Gubernur Jawa Tengah Ganjar Pranowo dan Direktur Lokataru Haris Azhar (Foto: Suaracom)
KomnasAnak.com, NASIONAL - Demonstrasi menolak UU Cipta Kerja yang sering berakhir
dengan kericuhan dan melibatkan anak-anak menjadi perhatian serius berbagai
pihak. Namun sayangnya tidak semua orang paham akan bahaya kericuhan pada anak
dan upaya perlindungan anak.
Peristiwa perdebatan sempat terjadi antara Gubernur Jawa
Tengah dan Direktur Lokataru Haris Azhar dalam program acara Mata Najwa, Rabu
(4/11) malam. Lantaran beda pendapat soal anak dalam demonstrasi.

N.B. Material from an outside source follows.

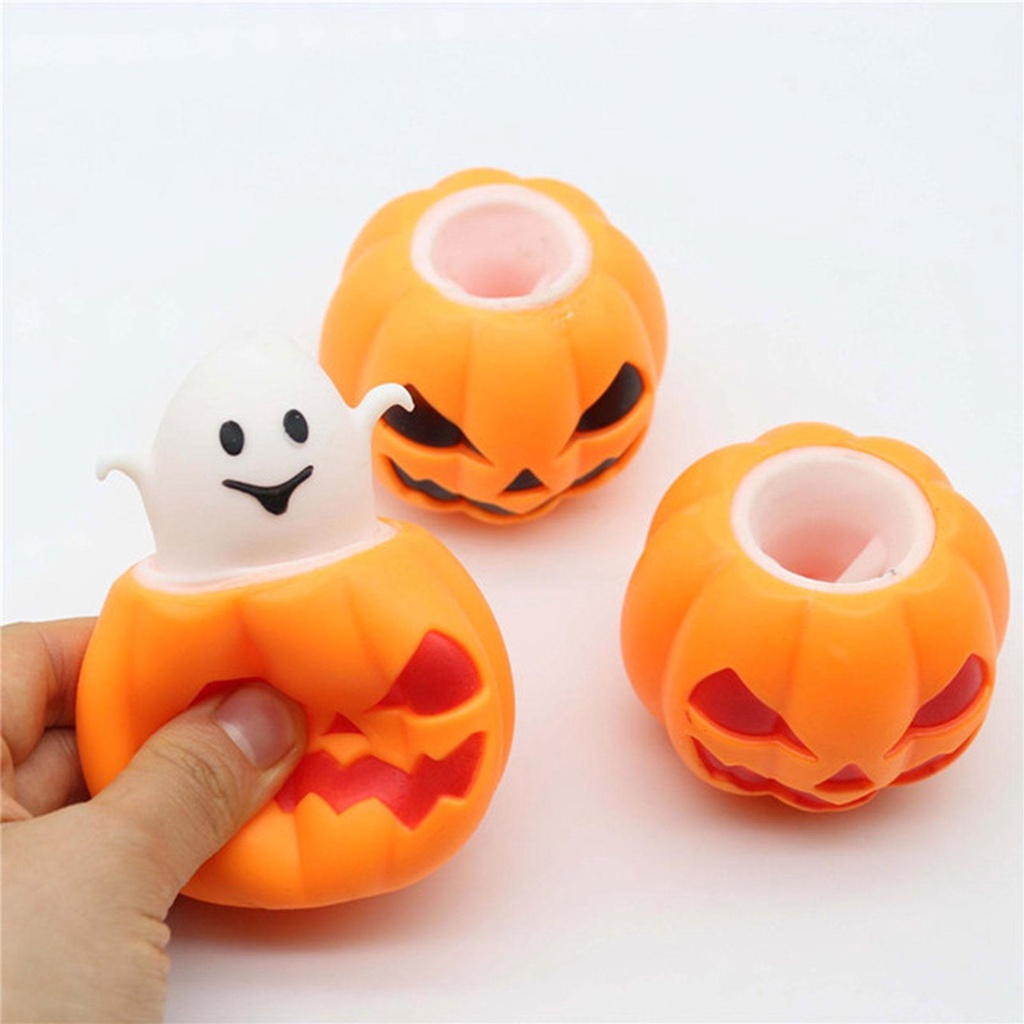 Bóng Cao Su Hình Ma Bí Ngô Trang Trí Halloween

Ganjar mengatakan anak-anak umumnya tidak tahu alasan dari
demo tersebut. Dirinya mengaku resah dan ingin melindungi anak-anak dari
menjadi korban aksi anarkis dalam demonstrasi.
“Pelajar hanya iseng. Hampir semua sama jawabannya. Tapi ada
orangtua wali murid yang mengatakan dapat grup WA. Maka kemudian mereka tergerak
lewat grup WA ini,” terang Ganjar.
“Kalau ada anak-anak di situ kan bisa jadi korban,” imbuh
Ganjar.
Ganjar juga menyoroti informasi informasi dari seluruh
Indonesia bahwa demonstrasi memiliki pola mirip yang intinya merobohkan pagar.

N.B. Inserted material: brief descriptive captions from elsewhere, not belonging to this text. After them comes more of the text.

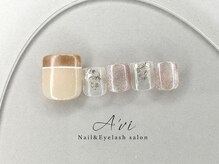 ネイルアンドアイラッシュ アヴィ(Nail and Eyelash A'vi)/フット定額デザイン　¥10400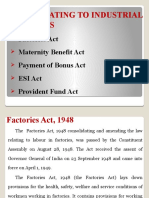 Laws Relating To Industrial Relations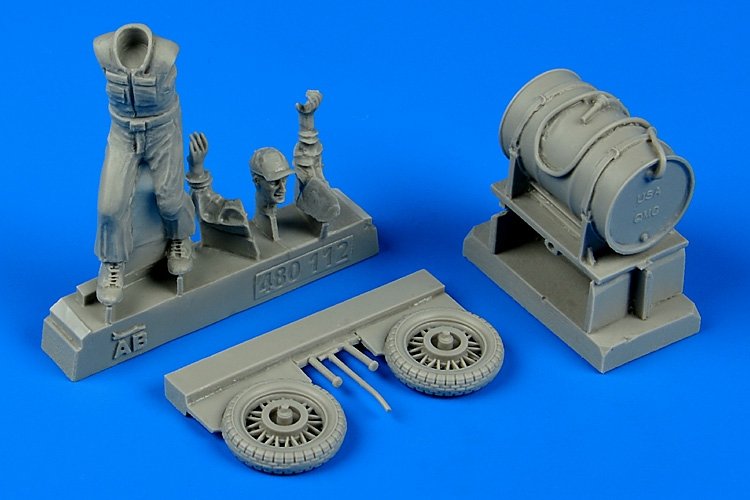 Aerobonus 480112 Mécanicien d'aéronefs de l'armée américaine, Seconde Guerre mondiale - Théâtre du Pacifique, échelle 1/48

Soal cara mengidentifikasi demonstran, Ganjar mengaku tidak
memiliki skill intelejen sehingga ia hanya menilai dari pola demonya.
“Gampang saja, saya membaca bahwa di situ kemudian ada pilok
pertama, terus kemudian ada lempar lampu, terus mecahin batu bata, maka pada
saat itu ini pasti sudah skenario ricuh, begitu saja,” terangnya.
Namun, pemaparan Ganjar tersebut mendapat bantahan dari
Haris Azhar yang menilai pelajar seharusnya diberi ruang untuk melakukan demonstrasi.
“Saya mau bilang, anak remaja punya hak. Greta yang memimpin
gerakan climate change, yang sampai dia pidato di depan PBB, tapi dia juga
pakai celana pendek muter di mana-mana, itu juga anak kecil,” tegas Haris.
Haris menambahkan, Indonesia telah menandatangani konvensi
hak anak. oleh karena itu, penandatanganan tersebut bisa jadi rujukan untuk
menyusun peraturan perundang-undangan untuk melindungi anak-anak.
Soal pilok, tambah Haris, bukanlah sebuah kejahatan
melainkan pelanggaran umum.
“Jadi menuduh anak-anak melakukan kejahatan, dituduh anarko,
berbagi WA, memangnya berbagi WA apa yang salah?,” ujarnya.
Dari pernyataan Haris memang tidak salah untuk memberikan
ruang demokrasi pada anak. Namun, aspek perlindungan anak harus tetap diperhatikan.
Sebab anak khususnya remaja belum mengerti betul tentang perlindungan bagi
dirinya sendiri.
Demonstrasi dalam konteks Gubernur Ganjar adalah yang
berakhir dengan kericuhan. Dimana anak sangat besar resiko menjadi korban,
sehingga keterlibatan anak perlu dicegah.
Pemberian ruang demokrasi bagi anak bukanlah melalui demo
yang berujung anarki. Namun lebih kepada forum diskusi penyampaian pendapat. Seperti
contoh yang diungkapkan oleh Haris, Greta, anak Indonesia juga seharusnya
diarahkan untuk berdiskusi secara damai.